The car lurched forward, Dad kept his fingers clenched around the outside door handle; the car jerked ahead a few more feet, but he held on. I believed in that moment he was strong enough to stop us. I threw my head down in my mother’s lap – I didn’t want to see any of this. I just wanted to get away.
We broke free. The car tore up our short street and swung right – that much I know, because I know the route from that old house to where my Aunt lived. I kept my head down in mum’s lap. I felt dizzy – almost like I could breathe now. I did breathe. Did I sob? I don’t know. What I remember was the dark, and the moving car, and the overwhelming sense of relief that we had escaped.
The man driving must have looked back at me. His voice, strong and calm, floated into the back seat. He spoke, directly to me.
“It’s alright son,” he said. “It’s a terrible thing to leave your father.”
The words landed on me. I understood that he was being kind. I understood that he was telling me how he would feel, to be torn apart from his father. Or perhaps, to have his child taken from him.

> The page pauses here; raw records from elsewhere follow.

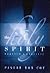 Holy Spirit, the by Bob Coy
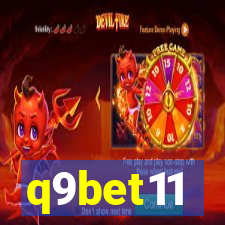 q9bet11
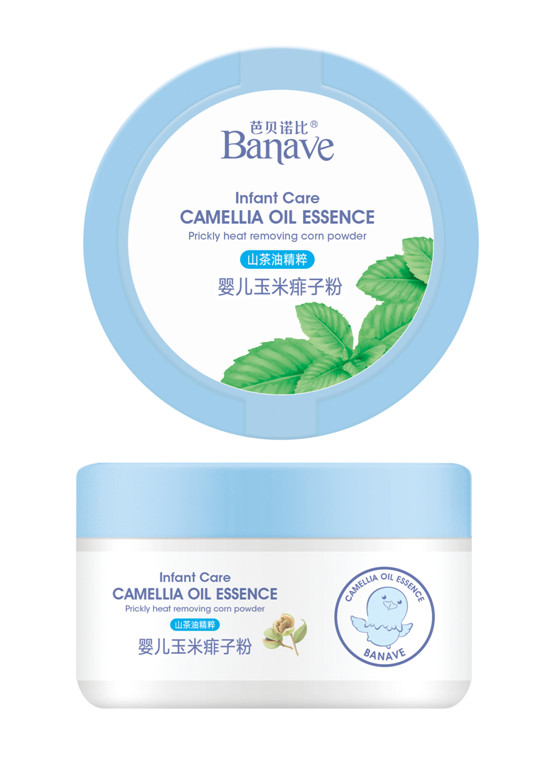 ��ؐ�Z�ȋ냺����ˬ���ۣ����ɣ�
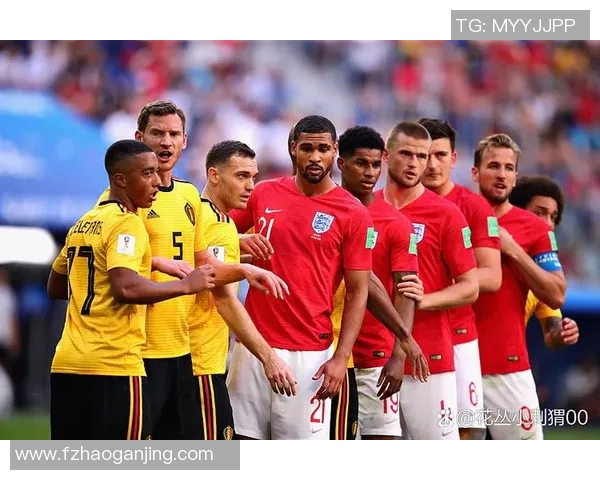 中国与克罗地亚友谊赛精彩回顾两队球员展现高水平竞技状态 中国与克罗地亚友谊赛精彩回顾两队球员展现高水平竞技状态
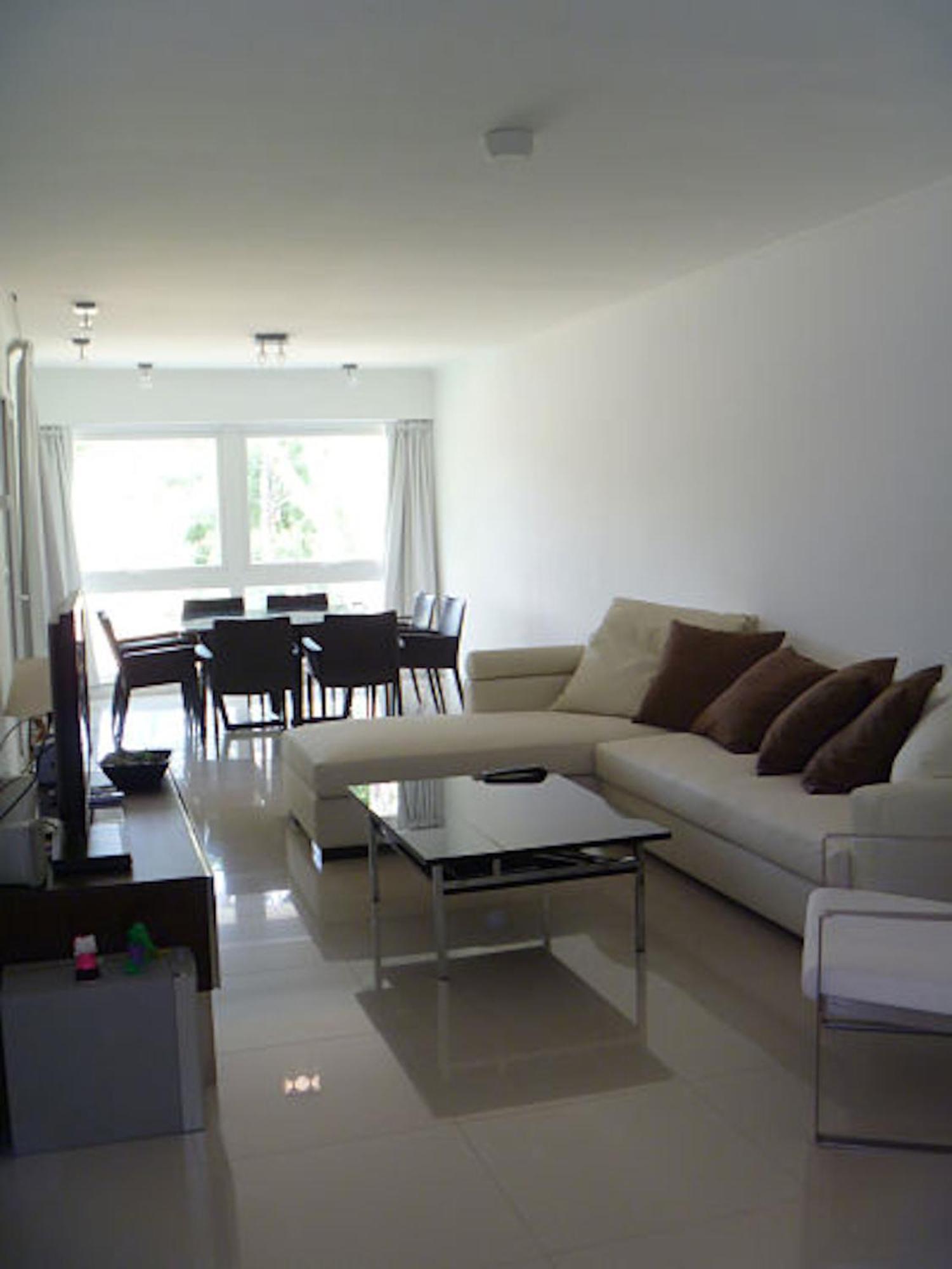 Green Park - Lloret De Mar Punta Del Este Punta Ballena Esterno foto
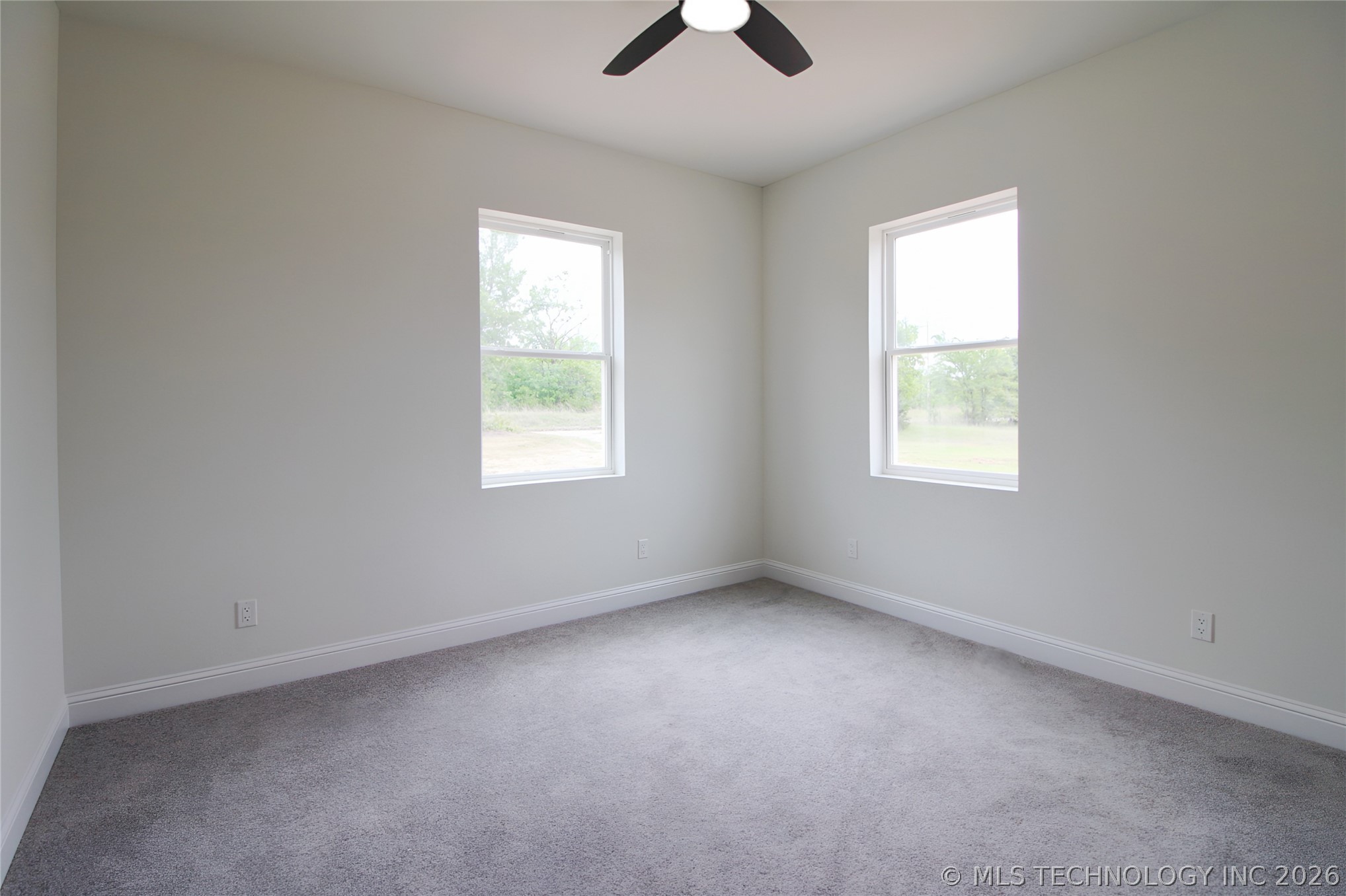 10095 N 160 Road Okmulgee OK 74447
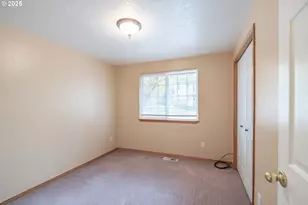 3419 N Knoll Dr, Newberg, OR 97132 - Photo 32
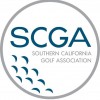 Southern California Golf Association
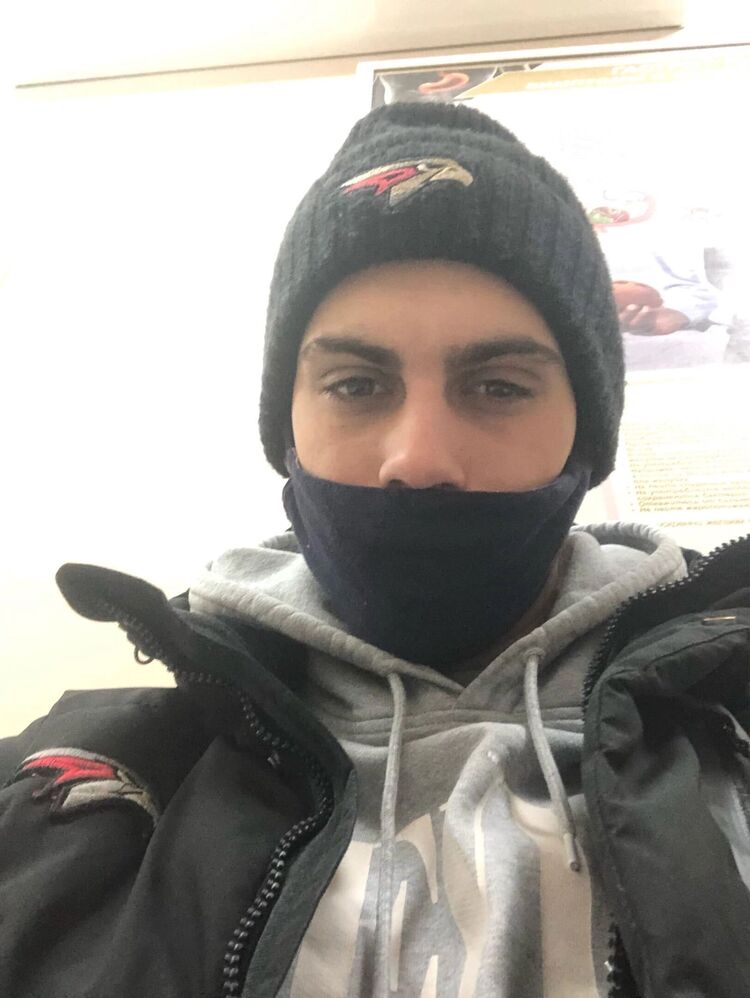 ���������� ����, ���� ����� ����, 25 ���, ������������ ��� ������, ����� � ���������, c�������� ���������, ���������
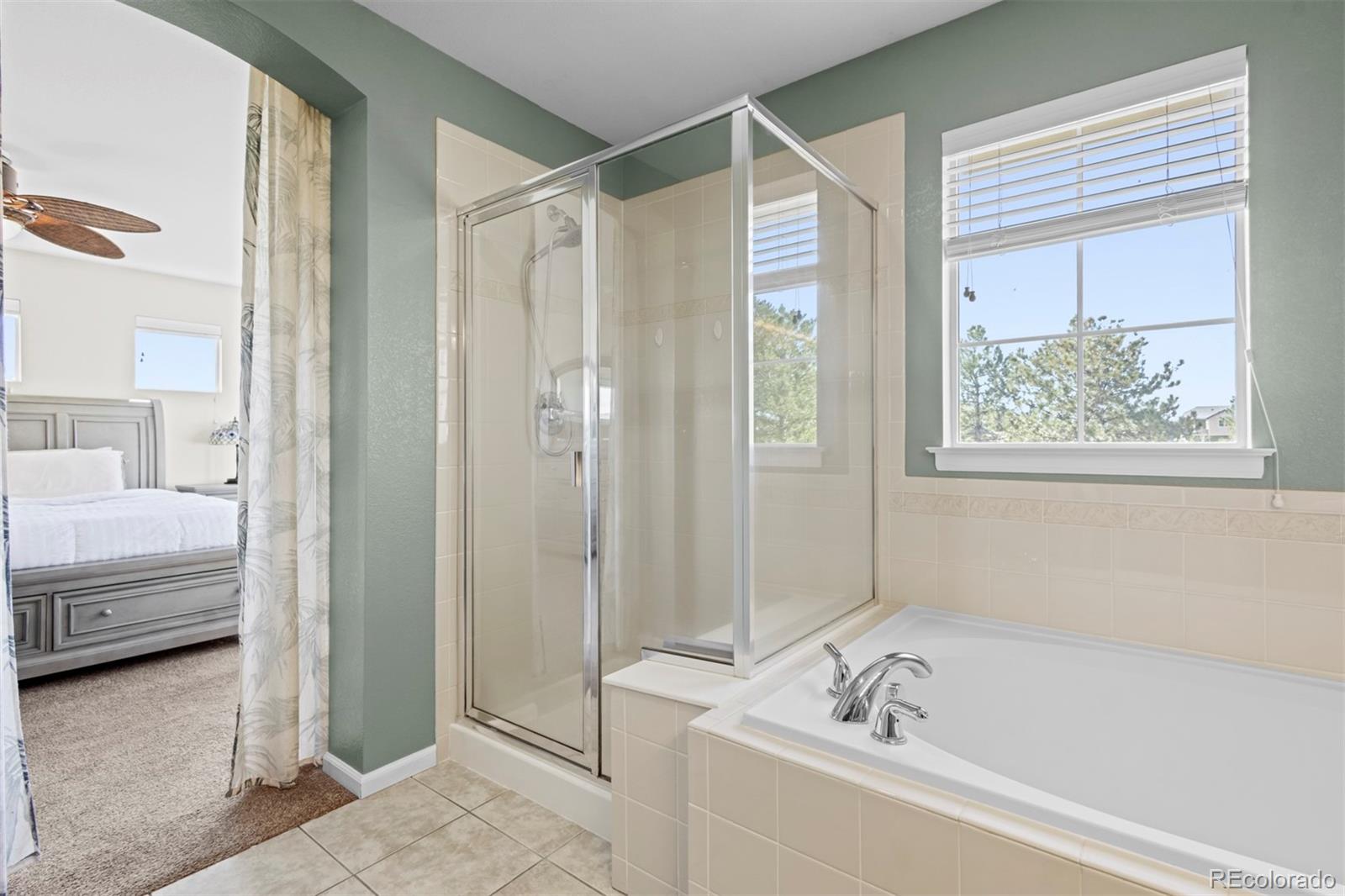 MLS Image #28 for 17808 e 104th place c,commerce city, Colorado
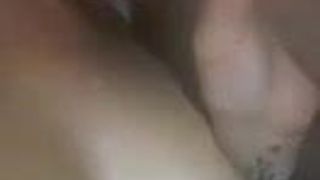 argentina villera whatsapp parte 13 peteando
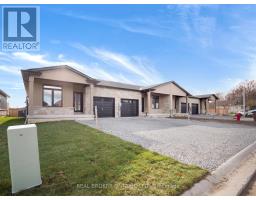 26 Austin Drive, Welland, ON L3C0J8 Photo 26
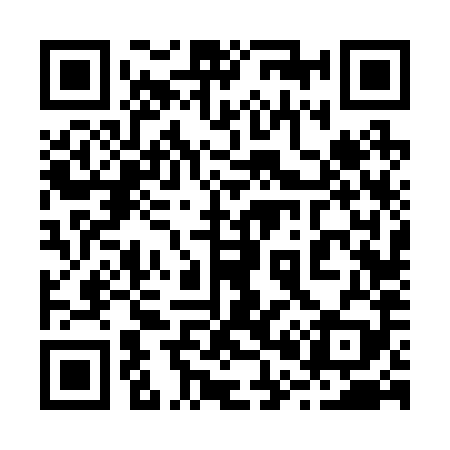 QR code for 206289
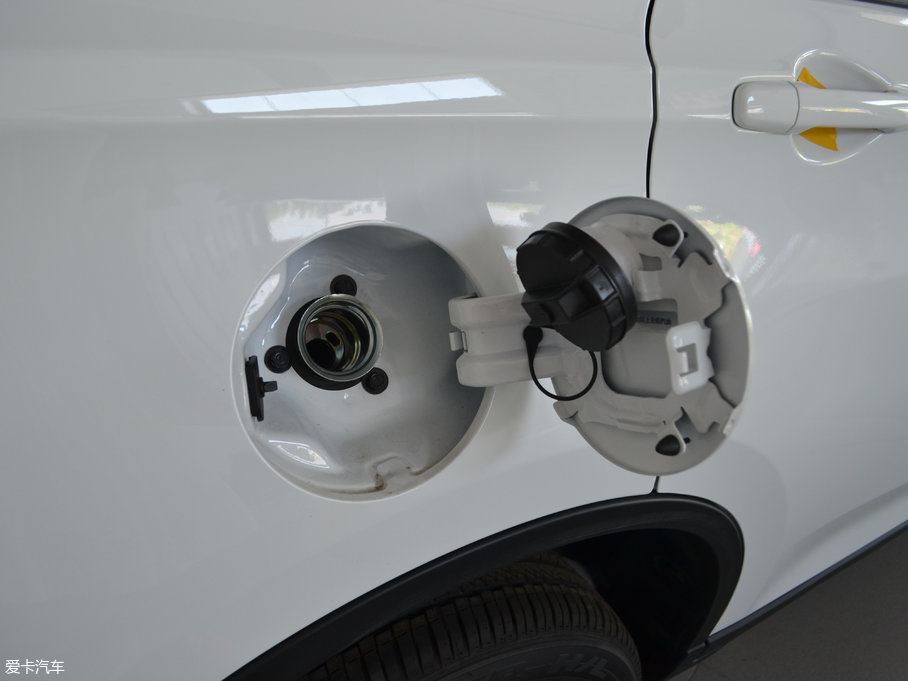 20176 SUV Ŀ 1.6T Ԅӕr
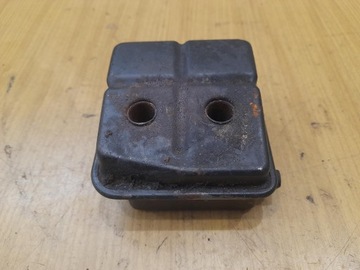 STIHL HS 81 ГЛУШИТЕЛЬ ВЫХЛОПА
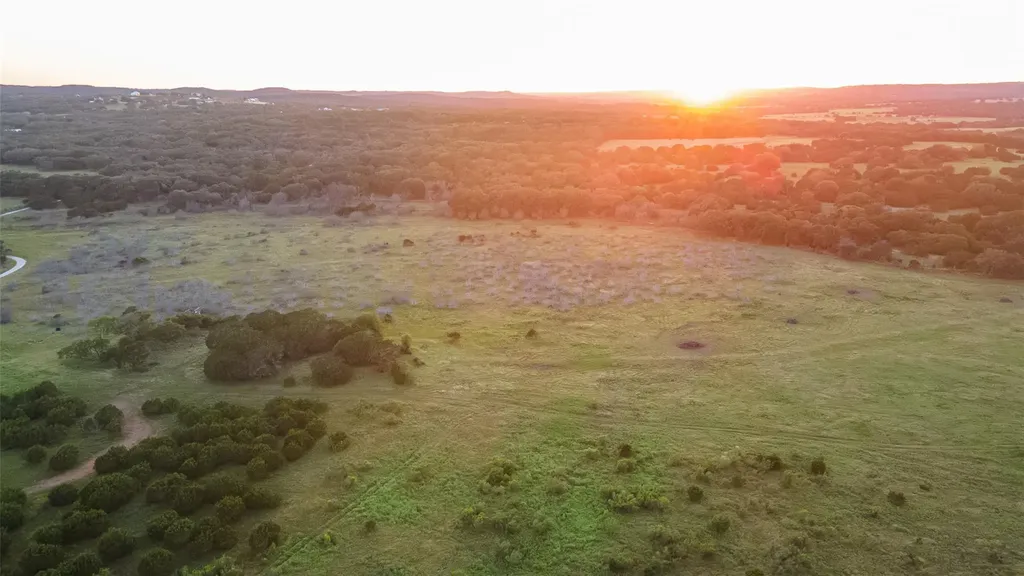 Tbd Crabapple Road Blanco TX 78606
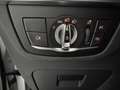 BMW X3 xDrive 20dA xLine Blanco - thumbnail 26
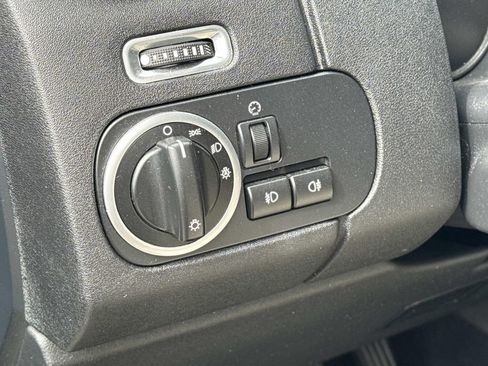Used 2014 Land Rover LR4 HSE LUX AWD/4WD image 23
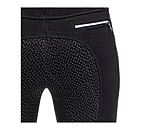 Children's Grip Breeches Sidney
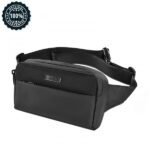 Wiwu Metro Mate Multifunction Travel Waist Bag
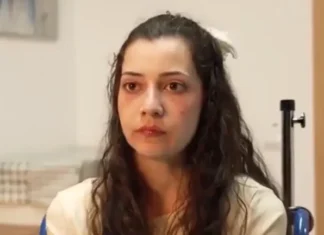 “Dua të vd*es e bukur”/ Historia tragjike e 25-vjeçares që do t’i nënshtrohet eutanazisë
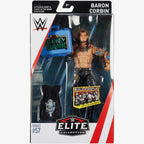 Baron Corbin WWE Elite Collection Series #57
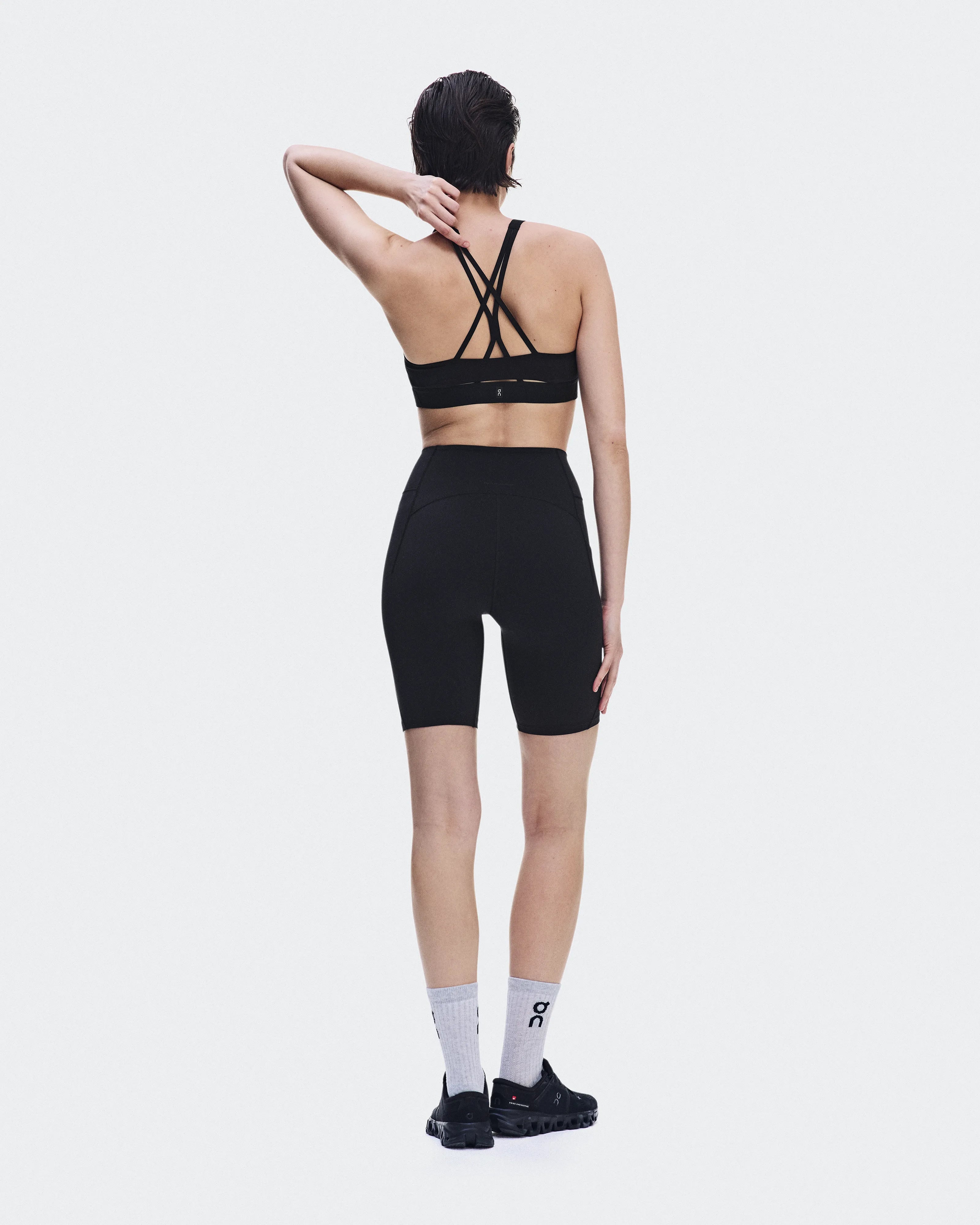 XS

Of course, I knew something else too: he was wrong. He was wrong about me, anyway. It was not a terrible thing for me to leave my father.
But in that moment I knew – discovered – a most important truth: we see things from where we stand. We judge things as they touch us, as we would feel them, not always as they really are felt by someone else.
The driver of the getaway car liberated me, that night, from the awful overheated, hopeless trap of our house. I knew it even before we had driven away, that’s what was happening. But he liberated me from something else too: myself.
In a sentence, that man – whose name I do not know – taught me that we each of us are always trapped in our own experience and feelings. It is natural, although it can produce impossibly wrong beliefs and decisions. And in that moment when I heard him, being so kind to me and yet so utterly mistaken about what was happening, I was moved. His kindness deserved respect; his wrongness (if that’s a word) deserved forgiveness.
The man was kind, and actually quite brave when you think about it to come and get us. He didn’t know us. When he spoke to me, with such earnest inaccuracy, “it’s a terrible thing” I knew that he had no idea what he was talking about. But I also knew to be quiet, to accept his kindness and not to argue the point. He felt it strongly. It was the truth for him. I stayed quiet in the backseat.
We drove. It was dark and silent. No one spoke. My mind was alight. People judge things from their own perspective. I knew it. It was wordless then – knowledge without a formula – an insight. Had I known to, I might have shouted “eureka!” (although that would have been quite rude.)
The truth of it pushed into me, like a sudden cool breeze shifting through tree branches. I felt different. This drive wasn’t just about getting away anymore. I knew that.
We drove on. I was half an hour older when the car reached my Aunt Ina’s house, but I was not the same eight year old boy when I got out. I was that night, and am this evening, grateful to the getaway car driver. He set us free from a life that had no future life, and he set me free – by accident – from the kind of certainty that almost always makes you wrong.